The main multithreading approach is to use the `Threads.@threads` macro which parallelizes a for loop to run with multiple threads. Let us operate on the array `a` simultaneously using 4 threads. We'll have each thread write its thread ID into each location.

**Note**: 4 is the number of threads on my computer.

In [3]:
a = zeros(Int, 10)
Threads.@threads for i = 1:10
    a[i] = Threads.threadid()
end
display(a)

10-element Vector{Int64}:
  2
  9
 12
  6
  7
 10
  1
  8
  3
 11

The iteration space is split among the threads. What is the difference between `:static` and `:dynamic` schedulers?

In [4]:
function busywait(seconds)
    tstart = time_ns()
    while (time_ns() - tstart) / 1e9 < seconds
    end
end

busywait (generic function with 1 method)

The schedule used by the macro `Threads.@threads` can be specified as:
* `:static` schedules one task per thread apriori
* `:dynamic` (default) schedules tasks among threads dynamically

In [5]:
@time begin
    Threads.@spawn busywait(5)
    Threads.@threads :static for i in 1:Threads.nthreads()
        busywait(1)
    end
end

  6.046568 seconds (63.43 k allocations: 3.391 MiB, 0.93% compilation time)


In [6]:
@time begin
    Threads.@spawn busywait(5)
    Threads.@threads :dynamic for i in 1:Threads.nthreads()
        busywait(1)
    end
end

  2.037974 seconds (42.13 k allocations: 2.229 MiB, 1.86% compilation time)
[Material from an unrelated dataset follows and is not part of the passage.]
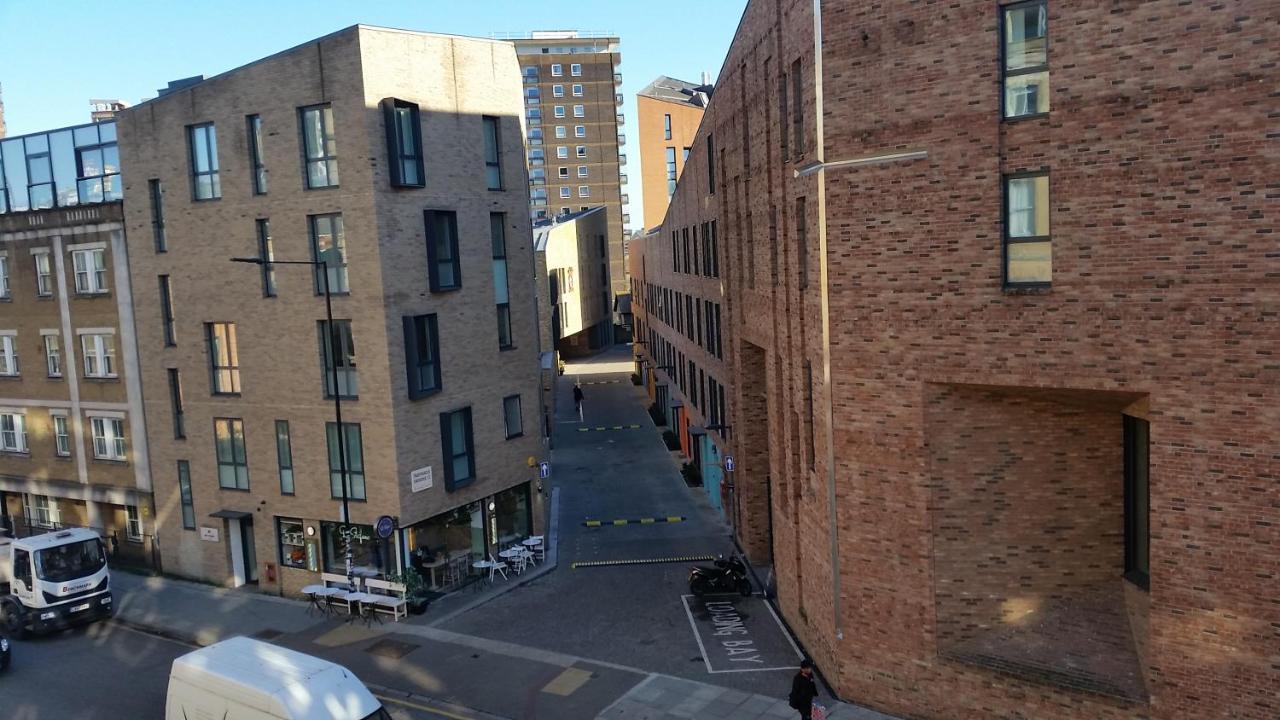 Trendy 2 Bedroom apartment in vibrant Shoreditch, central London zone 1 free WiFi - sleeps 4+2 - B&B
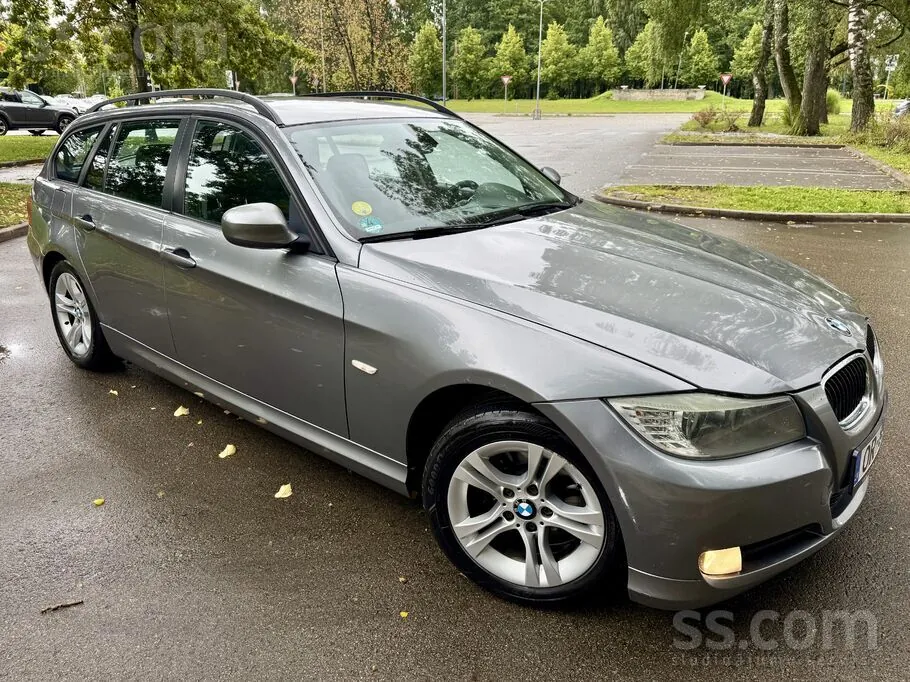 BMW 318D 2010 photo 3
`@inbounds` macro is used to skip in range check of the iterator `i` in the matrix `A`

In [7]:
function sqrt_array(A)
    B = similar(A)
    for i in eachindex(A)
        @inbounds B[i] = sqrt(A[i])
    end
    B
end

sqrt_array (generic function with 1 method)

In [8]:
function threaded_sqrt_array(A)
    B = similar(A)
    @threads for i in eachindex(A)
        @inbounds B[i] = sqrt(A[i])
    end
    B
end

threaded_sqrt_array (generic function with 1 method)

In [9]:
n = 1000
A = rand(n, n)
@btime sqrt_array(A);
@btime threaded_sqrt_array(A);

  1.473 ms (2 allocations: 7.63 MiB)


  448.933 μs (75 allocations: 7.64 MiB)


Do we have the correct result?

In [10]:
sqrt_array(A) ≈ threaded_sqrt_array(A)

true

With 4 threads, the speedup could be about a factor of 3

In [11]:
function sqrt_sum(A)
    s = zero(eltype(A))
    for i in eachindex(A)
        @inbounds s += sqrt(A[i])
    end
    return s
end

sqrt_sum (generic function with 1 method)

In [12]:
function threaded_sqrt_sum(A)
    s = zero(eltype(A))
    @threads for i in eachindex(A)
        @inbounds s += sqrt(A[i])
    end
    return s
end

threaded_sqrt_sum (generic function with 1 method)

In [13]:
n = 1000
A = rand(n, n)
@btime sqrt_sum(A);
@btime threaded_sqrt_sum(A);

  1.458 ms (1 allocation: 16 bytes)


  12.409 ms (2000074 allocations: 30.52 MiB)


In [14]:
sqrt_sum(A) ≈ threaded_sqrt_sum(A)

false

The result of the multithreaded function is wrong due to missing thread synchronization

In [15]:
# Ref{Int} is an object that safely references data of type Int.
# This type is guaranteed to point to valid, Julia-allocated memory of the correct type.
acc = Ref{Int}(0)
@threads for i in 1:1000
    acc[] += 1
end
acc[]

251

With multi-threading we need to be aware of possible race conditions, i.e. when the order in which threads read from and write to memory can change the result of a computation.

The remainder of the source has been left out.